🤖 AI Summary
Formal safety verification of robotic systems under uncertainty remains challenging, as standard Signal Temporal Logic (STL) lacks native support for modeling stochastic uncertainty. Method: This paper introduces pacSTL, the first framework integrating Probably Approximately Correct (PAC) learning into STL. It constructs statistically guaranteed robustness measures at the atomic proposition level by combining PAC-bounded set prediction with interval-extended STL semantics, supported by data-driven reachability analysis, PAC boundary estimation, and interval optimization. Contribution/Results: pacSTL enables provably correct runtime safety monitoring. Evaluated on simulated and real-world autonomous small-vessel navigation tasks, it achieves high accuracy, strong robustness against distributional shifts, and favorable scalability.

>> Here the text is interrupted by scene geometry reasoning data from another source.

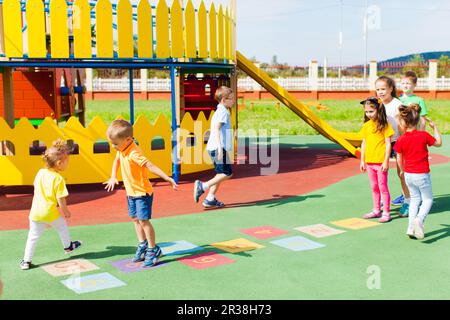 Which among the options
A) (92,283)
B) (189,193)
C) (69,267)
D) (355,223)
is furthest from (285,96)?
(92,283)

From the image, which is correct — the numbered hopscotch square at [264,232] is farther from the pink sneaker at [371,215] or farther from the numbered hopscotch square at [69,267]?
the numbered hopscotch square at [69,267]

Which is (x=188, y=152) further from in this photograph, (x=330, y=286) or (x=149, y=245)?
(x=330, y=286)

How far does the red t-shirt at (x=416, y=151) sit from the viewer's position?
19.6ft

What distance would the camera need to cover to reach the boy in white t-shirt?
7.36 meters

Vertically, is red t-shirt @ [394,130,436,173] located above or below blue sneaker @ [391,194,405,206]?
above

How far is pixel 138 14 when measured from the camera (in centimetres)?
912

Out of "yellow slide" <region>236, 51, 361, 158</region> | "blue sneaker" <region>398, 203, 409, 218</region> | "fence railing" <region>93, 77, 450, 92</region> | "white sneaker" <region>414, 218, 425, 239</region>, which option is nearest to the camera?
"white sneaker" <region>414, 218, 425, 239</region>

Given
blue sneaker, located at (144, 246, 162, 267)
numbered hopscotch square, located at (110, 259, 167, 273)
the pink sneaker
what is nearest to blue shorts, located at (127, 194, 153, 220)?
blue sneaker, located at (144, 246, 162, 267)

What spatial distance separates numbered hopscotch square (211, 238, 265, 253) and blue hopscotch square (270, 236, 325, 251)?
26cm

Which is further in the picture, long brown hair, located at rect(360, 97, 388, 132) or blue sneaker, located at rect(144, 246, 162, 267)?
long brown hair, located at rect(360, 97, 388, 132)

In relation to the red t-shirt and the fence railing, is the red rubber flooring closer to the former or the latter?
the red t-shirt

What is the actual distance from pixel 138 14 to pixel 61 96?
416cm

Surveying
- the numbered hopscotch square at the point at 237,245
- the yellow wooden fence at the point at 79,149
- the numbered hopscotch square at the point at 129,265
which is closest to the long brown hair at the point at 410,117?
the numbered hopscotch square at the point at 237,245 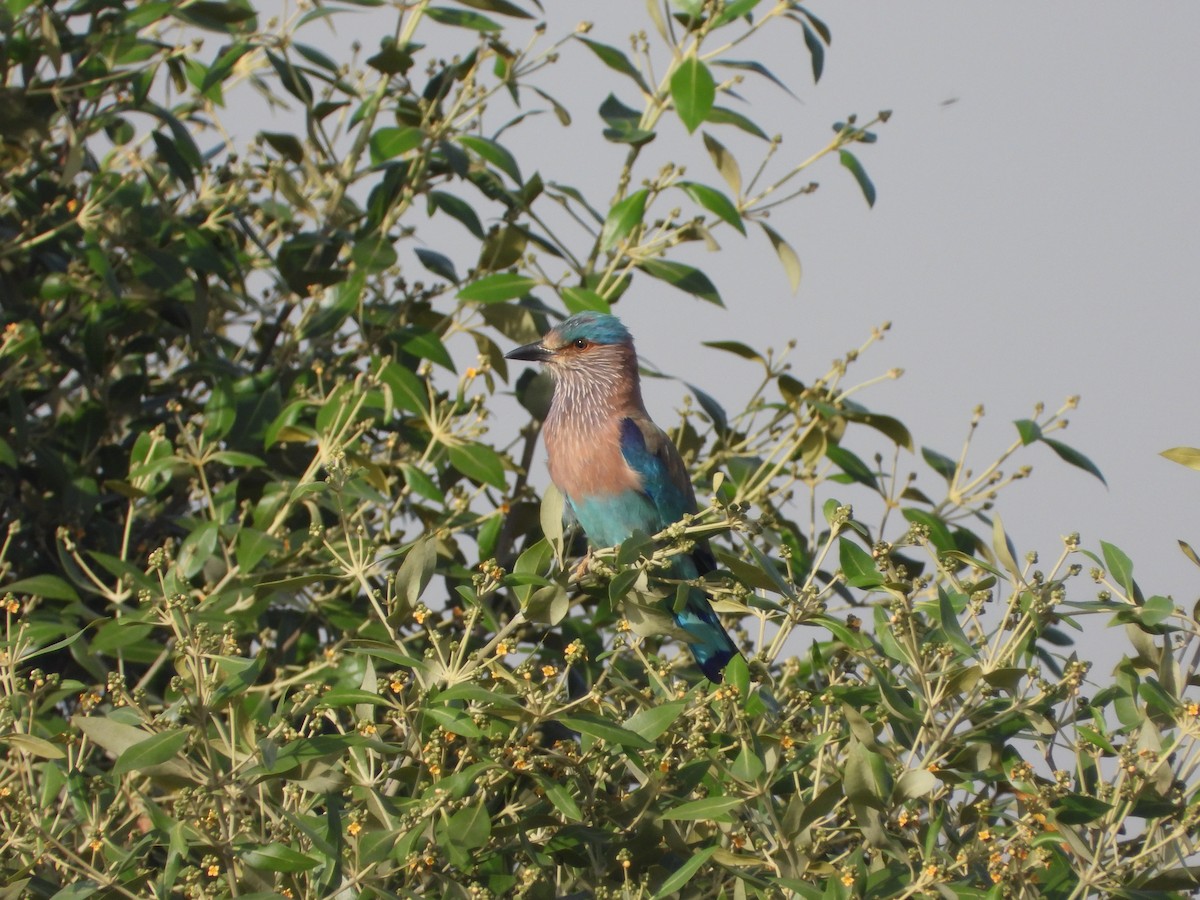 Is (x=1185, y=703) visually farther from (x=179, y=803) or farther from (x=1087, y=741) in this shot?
(x=179, y=803)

The framework establishes a novel paradigm for formal safety verification of uncertain cyber-physical systems, bridging statistical learning guarantees with temporal logic–based verification.
📝 Abstract
Real-world robotic systems must comply with safety requirements in the presence of uncertainty. To define and measure requirement adherence, Signal Temporal Logic (STL) offers a mathematically rigorous and expressive language. However, standard STL cannot account for uncertainty. We address this problem by presenting pacSTL, a framework that combines Probably Approximately Correct (PAC) bounded set predictions with an interval extension of STL through optimization problems on the atomic proposition level. pacSTL provides PAC-bounded robustness intervals on the specification level that can be utilized in monitoring. We demonstrate the effectiveness of this approach through maritime navigation and analyze the efficiency and scalability of pacSTL through simulation and real-world experimentation on model vessels.